I know this might not be the type of question that I should ask on MSE, but I really don't know what else to do.

Answer 1

Solving the specific problem itself

First notice that $f(x)=e^x$ is not the only function satisfying these conditions. There are an infinite number of smooth curves joining the points $(0,1)$ and $(1,e)$ which are the graph of a function satisfying the conditions in the question.

For a motivated solution to the problem, since we wish to show that there exists $\zeta$ such that $f(\zeta)=f'(\zeta)$ it makes sense to move all expressions to one side of the equation in such a way that Rolle's theorem would help us.

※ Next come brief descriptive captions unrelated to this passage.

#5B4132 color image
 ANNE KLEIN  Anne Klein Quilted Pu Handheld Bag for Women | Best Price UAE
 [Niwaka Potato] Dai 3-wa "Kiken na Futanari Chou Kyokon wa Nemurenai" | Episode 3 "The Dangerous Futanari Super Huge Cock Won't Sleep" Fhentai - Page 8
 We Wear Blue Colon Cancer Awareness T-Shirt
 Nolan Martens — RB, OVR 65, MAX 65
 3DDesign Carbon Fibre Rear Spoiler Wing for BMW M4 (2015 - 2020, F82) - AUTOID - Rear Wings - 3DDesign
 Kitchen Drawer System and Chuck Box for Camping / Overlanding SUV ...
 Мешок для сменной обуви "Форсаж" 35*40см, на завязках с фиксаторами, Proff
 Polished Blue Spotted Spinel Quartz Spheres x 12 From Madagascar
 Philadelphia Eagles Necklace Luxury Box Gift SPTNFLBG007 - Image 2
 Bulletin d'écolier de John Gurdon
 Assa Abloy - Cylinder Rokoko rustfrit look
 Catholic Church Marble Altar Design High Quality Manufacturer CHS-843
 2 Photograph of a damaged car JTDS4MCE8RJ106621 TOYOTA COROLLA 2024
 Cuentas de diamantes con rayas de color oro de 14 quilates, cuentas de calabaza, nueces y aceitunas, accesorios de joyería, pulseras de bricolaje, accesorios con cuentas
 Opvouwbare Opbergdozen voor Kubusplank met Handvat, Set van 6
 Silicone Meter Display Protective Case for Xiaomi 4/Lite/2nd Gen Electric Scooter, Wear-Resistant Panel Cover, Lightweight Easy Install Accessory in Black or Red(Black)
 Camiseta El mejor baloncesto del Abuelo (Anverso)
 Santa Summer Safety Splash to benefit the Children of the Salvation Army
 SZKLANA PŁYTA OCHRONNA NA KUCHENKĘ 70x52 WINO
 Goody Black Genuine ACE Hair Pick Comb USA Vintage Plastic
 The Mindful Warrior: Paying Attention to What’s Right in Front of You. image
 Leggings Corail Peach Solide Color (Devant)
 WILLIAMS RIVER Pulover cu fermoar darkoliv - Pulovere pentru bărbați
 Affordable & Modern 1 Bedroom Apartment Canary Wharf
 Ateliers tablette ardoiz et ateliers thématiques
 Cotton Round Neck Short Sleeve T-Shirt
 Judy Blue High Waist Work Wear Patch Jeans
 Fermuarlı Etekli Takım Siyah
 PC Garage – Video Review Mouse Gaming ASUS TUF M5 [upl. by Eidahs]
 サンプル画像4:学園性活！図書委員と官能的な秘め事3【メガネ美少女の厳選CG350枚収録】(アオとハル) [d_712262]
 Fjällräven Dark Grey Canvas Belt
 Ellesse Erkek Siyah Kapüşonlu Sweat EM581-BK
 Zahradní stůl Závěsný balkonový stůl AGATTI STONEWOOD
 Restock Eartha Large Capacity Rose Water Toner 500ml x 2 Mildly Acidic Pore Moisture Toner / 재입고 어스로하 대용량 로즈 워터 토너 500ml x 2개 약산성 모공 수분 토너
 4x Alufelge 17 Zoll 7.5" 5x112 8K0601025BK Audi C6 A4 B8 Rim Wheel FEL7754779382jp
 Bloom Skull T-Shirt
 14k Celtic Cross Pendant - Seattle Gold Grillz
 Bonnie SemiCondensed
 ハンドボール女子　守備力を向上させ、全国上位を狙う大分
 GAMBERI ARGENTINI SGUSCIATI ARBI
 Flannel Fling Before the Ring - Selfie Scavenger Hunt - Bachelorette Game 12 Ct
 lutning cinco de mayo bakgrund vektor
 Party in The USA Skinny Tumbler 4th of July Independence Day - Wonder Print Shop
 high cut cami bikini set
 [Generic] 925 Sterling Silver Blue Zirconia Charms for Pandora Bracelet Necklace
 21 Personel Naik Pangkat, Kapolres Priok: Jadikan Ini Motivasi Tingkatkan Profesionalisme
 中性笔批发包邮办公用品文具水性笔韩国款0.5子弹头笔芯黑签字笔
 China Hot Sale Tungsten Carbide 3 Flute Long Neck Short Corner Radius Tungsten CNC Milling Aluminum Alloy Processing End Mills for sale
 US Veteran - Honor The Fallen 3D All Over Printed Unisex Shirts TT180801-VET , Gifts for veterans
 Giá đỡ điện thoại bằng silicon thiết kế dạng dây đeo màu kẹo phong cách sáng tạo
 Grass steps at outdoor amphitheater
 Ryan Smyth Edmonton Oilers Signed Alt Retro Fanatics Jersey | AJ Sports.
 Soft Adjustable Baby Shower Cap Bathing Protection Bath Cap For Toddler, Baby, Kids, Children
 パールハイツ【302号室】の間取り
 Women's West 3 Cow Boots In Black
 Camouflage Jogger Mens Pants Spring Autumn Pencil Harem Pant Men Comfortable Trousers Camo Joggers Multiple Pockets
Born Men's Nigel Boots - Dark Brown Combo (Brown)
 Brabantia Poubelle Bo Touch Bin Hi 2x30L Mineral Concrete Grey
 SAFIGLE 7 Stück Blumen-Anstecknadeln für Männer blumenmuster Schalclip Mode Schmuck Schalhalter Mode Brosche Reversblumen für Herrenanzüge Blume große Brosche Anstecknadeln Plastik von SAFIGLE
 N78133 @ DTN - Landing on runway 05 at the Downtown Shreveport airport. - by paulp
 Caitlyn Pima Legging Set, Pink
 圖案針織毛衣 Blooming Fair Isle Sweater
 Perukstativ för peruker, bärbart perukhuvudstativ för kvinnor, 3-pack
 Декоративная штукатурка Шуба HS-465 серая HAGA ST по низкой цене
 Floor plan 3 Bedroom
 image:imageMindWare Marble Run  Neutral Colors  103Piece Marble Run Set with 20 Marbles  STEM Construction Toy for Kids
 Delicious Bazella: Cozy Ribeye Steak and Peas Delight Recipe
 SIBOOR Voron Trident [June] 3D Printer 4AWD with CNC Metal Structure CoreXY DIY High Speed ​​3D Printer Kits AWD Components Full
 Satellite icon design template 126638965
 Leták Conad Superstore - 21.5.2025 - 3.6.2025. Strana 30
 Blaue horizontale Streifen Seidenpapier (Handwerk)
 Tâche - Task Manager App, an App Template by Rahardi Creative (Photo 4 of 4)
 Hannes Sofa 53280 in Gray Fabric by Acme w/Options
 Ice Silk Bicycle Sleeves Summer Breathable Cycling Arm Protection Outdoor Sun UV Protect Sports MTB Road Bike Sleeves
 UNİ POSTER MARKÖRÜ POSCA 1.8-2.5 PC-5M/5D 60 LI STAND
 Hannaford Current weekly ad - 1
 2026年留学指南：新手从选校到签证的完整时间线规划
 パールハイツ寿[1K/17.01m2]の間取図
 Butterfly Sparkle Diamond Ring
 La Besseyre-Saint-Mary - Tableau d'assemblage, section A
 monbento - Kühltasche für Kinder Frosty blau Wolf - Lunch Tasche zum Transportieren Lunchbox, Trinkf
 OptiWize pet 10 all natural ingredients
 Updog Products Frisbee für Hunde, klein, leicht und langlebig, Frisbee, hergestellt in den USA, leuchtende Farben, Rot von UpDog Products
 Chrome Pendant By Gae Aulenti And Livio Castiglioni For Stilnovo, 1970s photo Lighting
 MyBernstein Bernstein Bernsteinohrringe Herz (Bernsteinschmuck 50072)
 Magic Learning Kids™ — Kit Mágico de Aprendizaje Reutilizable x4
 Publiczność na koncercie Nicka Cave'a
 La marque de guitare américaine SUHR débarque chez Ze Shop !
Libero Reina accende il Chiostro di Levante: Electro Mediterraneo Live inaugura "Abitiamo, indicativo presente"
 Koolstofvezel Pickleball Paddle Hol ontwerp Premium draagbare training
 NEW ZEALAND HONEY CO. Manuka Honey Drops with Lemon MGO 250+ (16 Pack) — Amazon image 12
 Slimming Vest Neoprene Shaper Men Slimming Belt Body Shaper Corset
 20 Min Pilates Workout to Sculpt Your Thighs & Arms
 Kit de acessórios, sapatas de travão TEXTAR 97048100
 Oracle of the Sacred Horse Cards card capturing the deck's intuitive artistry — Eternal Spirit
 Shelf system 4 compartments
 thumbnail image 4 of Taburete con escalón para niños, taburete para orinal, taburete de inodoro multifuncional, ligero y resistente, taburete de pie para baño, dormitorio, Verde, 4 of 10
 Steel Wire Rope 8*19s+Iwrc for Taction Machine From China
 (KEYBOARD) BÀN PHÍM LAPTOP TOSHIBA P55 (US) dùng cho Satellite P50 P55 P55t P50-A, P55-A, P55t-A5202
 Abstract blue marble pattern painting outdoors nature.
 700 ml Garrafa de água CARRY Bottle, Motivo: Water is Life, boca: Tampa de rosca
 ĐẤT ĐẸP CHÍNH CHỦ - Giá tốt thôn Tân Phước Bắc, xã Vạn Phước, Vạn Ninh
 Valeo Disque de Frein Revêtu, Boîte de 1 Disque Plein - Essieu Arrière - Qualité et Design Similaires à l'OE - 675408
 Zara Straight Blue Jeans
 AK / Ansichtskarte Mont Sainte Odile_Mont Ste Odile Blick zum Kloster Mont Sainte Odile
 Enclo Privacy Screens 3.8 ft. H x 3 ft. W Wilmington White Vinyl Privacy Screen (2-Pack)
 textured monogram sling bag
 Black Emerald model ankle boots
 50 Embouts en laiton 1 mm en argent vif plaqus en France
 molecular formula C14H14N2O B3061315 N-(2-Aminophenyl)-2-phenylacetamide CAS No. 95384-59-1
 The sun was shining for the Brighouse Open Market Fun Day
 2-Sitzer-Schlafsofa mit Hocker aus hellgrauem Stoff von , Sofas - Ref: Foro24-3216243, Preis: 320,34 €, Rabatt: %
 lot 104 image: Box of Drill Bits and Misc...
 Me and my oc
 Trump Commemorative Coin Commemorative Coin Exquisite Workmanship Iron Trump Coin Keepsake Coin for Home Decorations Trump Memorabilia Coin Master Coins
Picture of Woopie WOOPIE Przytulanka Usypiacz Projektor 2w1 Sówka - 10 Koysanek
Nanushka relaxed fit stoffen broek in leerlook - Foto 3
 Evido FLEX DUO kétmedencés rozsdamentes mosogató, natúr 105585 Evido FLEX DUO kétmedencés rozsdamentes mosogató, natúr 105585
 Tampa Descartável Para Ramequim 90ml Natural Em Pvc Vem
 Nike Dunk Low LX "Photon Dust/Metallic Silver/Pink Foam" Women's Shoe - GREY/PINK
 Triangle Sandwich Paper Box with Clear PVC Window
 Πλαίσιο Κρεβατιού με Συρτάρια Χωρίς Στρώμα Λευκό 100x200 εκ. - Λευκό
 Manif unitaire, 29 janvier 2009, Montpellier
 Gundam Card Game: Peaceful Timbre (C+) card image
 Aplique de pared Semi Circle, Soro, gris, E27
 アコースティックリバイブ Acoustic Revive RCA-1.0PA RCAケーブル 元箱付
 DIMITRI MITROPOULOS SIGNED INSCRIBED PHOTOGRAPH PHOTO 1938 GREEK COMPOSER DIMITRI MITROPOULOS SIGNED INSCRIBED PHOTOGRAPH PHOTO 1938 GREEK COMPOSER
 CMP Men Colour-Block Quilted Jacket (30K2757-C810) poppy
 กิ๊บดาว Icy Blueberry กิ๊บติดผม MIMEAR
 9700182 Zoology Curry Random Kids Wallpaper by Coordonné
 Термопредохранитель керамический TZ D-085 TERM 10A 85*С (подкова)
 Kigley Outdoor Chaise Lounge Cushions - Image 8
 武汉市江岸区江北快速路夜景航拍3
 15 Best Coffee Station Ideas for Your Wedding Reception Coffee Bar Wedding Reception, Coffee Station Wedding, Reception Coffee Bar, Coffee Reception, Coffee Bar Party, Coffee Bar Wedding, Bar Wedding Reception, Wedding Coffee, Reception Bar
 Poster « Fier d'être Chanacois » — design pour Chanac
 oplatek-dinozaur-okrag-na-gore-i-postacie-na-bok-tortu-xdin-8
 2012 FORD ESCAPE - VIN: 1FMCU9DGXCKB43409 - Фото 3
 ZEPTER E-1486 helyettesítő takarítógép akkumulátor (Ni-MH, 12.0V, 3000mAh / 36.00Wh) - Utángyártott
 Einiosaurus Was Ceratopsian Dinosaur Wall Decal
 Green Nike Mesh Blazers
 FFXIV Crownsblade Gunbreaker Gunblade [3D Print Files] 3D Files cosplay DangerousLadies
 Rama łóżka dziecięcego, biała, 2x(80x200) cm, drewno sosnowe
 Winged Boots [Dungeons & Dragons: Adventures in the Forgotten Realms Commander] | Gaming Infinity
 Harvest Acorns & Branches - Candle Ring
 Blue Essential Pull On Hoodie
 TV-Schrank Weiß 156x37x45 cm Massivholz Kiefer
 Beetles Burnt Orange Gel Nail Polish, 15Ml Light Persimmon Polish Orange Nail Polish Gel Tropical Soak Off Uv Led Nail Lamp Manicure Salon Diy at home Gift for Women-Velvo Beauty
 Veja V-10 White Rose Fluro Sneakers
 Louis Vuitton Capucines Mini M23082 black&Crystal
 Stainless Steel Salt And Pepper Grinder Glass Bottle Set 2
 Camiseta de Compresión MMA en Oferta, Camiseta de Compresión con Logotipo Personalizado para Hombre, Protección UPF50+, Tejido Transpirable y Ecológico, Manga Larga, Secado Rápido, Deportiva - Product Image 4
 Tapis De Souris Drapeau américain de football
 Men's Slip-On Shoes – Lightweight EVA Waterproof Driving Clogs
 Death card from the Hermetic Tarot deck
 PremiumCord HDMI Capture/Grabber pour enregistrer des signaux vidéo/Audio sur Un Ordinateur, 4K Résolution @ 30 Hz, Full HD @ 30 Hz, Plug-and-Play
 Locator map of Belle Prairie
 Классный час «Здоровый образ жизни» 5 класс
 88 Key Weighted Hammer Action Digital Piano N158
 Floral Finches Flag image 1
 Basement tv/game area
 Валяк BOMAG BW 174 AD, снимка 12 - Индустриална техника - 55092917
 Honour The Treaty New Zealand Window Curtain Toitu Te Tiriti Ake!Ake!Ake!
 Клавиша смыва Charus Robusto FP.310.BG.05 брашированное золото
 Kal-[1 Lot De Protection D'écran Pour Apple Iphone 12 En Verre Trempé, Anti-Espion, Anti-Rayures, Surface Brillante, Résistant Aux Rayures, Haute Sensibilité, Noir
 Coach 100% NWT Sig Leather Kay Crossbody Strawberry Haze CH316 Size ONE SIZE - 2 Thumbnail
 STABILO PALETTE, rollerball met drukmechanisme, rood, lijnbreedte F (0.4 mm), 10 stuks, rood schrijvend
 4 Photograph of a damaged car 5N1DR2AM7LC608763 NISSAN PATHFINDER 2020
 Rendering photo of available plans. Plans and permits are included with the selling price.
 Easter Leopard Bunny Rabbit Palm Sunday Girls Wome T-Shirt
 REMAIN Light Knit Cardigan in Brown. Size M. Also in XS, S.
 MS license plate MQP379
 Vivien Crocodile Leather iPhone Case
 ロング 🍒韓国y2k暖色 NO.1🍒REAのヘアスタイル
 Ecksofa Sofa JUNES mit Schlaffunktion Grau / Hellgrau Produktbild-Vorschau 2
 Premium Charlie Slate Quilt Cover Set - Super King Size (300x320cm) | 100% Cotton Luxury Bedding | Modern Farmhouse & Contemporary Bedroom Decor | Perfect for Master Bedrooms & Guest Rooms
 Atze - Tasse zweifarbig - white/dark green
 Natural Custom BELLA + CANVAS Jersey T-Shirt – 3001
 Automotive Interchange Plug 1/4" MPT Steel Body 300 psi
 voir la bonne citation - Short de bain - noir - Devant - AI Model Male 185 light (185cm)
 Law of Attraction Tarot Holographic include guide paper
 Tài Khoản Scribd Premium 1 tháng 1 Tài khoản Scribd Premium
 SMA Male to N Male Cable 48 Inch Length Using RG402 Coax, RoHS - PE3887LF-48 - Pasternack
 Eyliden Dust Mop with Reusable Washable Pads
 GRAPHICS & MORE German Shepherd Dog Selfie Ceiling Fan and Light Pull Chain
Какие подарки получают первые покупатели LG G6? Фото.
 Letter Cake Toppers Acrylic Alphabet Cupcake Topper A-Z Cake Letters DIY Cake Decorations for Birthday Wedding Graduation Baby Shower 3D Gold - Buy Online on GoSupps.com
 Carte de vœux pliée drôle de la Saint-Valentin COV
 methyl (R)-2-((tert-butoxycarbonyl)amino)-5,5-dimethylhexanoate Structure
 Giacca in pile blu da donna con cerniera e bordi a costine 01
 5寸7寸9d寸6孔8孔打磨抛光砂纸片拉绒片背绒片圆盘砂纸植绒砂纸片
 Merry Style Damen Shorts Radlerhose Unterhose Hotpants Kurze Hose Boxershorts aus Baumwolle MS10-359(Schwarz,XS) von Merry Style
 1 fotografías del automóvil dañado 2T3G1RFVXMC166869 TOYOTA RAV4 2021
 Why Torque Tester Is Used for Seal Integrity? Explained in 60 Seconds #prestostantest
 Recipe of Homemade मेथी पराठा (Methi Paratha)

Here we get $\frac{f'(\zeta)}{f(\zeta)}=1$ and then $\frac{f'(\zeta)}{f(\zeta)}-1=0$. (We do not have to worry about division by the possibly vanishing $f(\zeta)$ here-- this is just to motivate the definition of a function which we will use later on, and there will be no division by $0$ in the solution.)

To use Rolle's theorem we need $\frac{f'(\zeta)}{f(\zeta)}-1$ to be the derivative of some function, and we recognize the logarithmic derivative on the left so it makes sense to define $g(x)=\log(f(x))-x$. There is a little problem though-- in order to use Rolle's theorem we need $g(x)$ continuous on $[0,1]$ and it is possible that $f(x)\leq 0$ for some $x\in[0,1]$, which would make our $g(x)$ undefined and certainly not continuous. To fix the problem with the domain of $\log x$, define instead $h(x)=e^{g(x)}$ so that we get $h(x)=f(x)e^{-x}$ which is precisely the function your professor advised you to use.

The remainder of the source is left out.